Crawled caption data
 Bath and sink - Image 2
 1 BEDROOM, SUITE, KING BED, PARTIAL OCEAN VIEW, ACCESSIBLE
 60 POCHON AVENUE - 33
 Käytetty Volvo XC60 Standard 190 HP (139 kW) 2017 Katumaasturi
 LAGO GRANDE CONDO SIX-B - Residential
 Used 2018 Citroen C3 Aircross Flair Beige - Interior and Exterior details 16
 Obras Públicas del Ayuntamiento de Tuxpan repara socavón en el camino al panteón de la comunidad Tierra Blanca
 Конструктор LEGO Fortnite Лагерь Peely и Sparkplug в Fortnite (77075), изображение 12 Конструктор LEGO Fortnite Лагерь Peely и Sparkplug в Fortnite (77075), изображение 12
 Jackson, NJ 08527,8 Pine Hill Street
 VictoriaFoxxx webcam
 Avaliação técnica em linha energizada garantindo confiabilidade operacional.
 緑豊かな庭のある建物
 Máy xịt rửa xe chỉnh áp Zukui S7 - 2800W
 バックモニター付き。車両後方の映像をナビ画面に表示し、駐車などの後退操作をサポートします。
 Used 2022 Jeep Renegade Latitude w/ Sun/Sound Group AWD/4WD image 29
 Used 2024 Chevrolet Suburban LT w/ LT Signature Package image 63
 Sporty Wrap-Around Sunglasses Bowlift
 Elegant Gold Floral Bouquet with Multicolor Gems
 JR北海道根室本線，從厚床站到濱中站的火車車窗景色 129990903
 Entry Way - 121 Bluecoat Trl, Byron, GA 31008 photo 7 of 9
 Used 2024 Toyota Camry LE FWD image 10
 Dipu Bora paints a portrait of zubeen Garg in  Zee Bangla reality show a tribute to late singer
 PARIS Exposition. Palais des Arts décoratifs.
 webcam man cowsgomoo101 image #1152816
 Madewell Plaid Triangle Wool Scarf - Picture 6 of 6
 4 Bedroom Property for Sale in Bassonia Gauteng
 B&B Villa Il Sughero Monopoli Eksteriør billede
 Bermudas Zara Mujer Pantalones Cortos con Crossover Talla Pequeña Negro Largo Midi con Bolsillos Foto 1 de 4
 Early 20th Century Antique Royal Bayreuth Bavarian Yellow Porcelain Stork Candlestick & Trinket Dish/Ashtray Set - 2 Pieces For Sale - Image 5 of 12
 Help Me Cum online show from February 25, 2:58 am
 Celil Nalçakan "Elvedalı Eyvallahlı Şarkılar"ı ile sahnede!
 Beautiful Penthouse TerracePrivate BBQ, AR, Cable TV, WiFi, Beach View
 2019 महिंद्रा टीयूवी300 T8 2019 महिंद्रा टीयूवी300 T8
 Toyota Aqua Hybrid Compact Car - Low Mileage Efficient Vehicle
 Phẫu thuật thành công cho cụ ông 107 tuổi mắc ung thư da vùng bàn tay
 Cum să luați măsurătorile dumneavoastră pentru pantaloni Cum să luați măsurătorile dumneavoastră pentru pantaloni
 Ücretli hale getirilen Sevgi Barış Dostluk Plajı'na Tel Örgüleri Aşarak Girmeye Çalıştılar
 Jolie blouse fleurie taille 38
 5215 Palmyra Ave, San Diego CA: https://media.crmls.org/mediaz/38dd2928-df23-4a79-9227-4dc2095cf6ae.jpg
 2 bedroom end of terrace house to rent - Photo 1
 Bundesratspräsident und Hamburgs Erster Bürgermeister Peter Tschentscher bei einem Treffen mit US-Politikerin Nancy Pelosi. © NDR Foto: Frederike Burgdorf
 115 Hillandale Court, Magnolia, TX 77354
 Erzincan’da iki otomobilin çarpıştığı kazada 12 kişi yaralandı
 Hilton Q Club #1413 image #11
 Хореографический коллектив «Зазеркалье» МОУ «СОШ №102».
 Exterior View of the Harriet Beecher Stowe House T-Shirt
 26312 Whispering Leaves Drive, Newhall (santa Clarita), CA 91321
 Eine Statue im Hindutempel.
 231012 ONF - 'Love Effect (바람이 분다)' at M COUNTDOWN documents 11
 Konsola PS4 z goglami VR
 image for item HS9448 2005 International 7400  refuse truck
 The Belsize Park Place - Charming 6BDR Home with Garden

What to work on
What is needed is an exact repetition of the lines from the first line of the records through the line containing "Beautiful Penthouse TerracePrivate", both ends included, and nothing more.

Response to the exercise
 Bath and sink - Image 2
 1 BEDROOM, SUITE, KING BED, PARTIAL OCEAN VIEW, ACCESSIBLE
 60 POCHON AVENUE - 33
 Käytetty Volvo XC60 Standard 190 HP (139 kW) 2017 Katumaasturi
 LAGO GRANDE CONDO SIX-B - Residential
 Used 2018 Citroen C3 Aircross Flair Beige - Interior and Exterior details 16
 Obras Públicas del Ayuntamiento de Tuxpan repara socavón en el camino al panteón de la comunidad Tierra Blanca
 Конструктор LEGO Fortnite Лагерь Peely и Sparkplug в Fortnite (77075), изображение 12 Конструктор LEGO Fortnite Лагерь Peely и Sparkplug в Fortnite (77075), изображение 12
 Jackson, NJ 08527,8 Pine Hill Street
 VictoriaFoxxx webcam
 Avaliação técnica em linha energizada garantindo confiabilidade operacional.
 緑豊かな庭のある建物
 Máy xịt rửa xe chỉnh áp Zukui S7 - 2800W
 バックモニター付き。車両後方の映像をナビ画面に表示し、駐車などの後退操作をサポートします。
 Used 2022 Jeep Renegade Latitude w/ Sun/Sound Group AWD/4WD image 29
 Used 2024 Chevrolet Suburban LT w/ LT Signature Package image 63
 Sporty Wrap-Around Sunglasses Bowlift
 Elegant Gold Floral Bouquet with Multicolor Gems
 JR北海道根室本線，從厚床站到濱中站的火車車窗景色 129990903
 Entry Way - 121 Bluecoat Trl, Byron, GA 31008 photo 7 of 9
 Used 2024 Toyota Camry LE FWD image 10
 Dipu Bora paints a portrait of zubeen Garg in  Zee Bangla reality show a tribute to late singer
 PARIS Exposition. Palais des Arts décoratifs.
 webcam man cowsgomoo101 image #1152816
 Madewell Plaid Triangle Wool Scarf - Picture 6 of 6
 4 Bedroom Property for Sale in Bassonia Gauteng
 B&B Villa Il Sughero Monopoli Eksteriør billede
 Bermudas Zara Mujer Pantalones Cortos con Crossover Talla Pequeña Negro Largo Midi con Bolsillos Foto 1 de 4
 Early 20th Century Antique Royal Bayreuth Bavarian Yellow Porcelain Stork Candlestick & Trinket Dish/Ashtray Set - 2 Pieces For Sale - Image 5 of 12
 Help Me Cum online show from February 25, 2:58 am
 Celil Nalçakan "Elvedalı Eyvallahlı Şarkılar"ı ile sahnede!
 Beautiful Penthouse TerracePrivate BBQ, AR, Cable TV, WiFi, Beach View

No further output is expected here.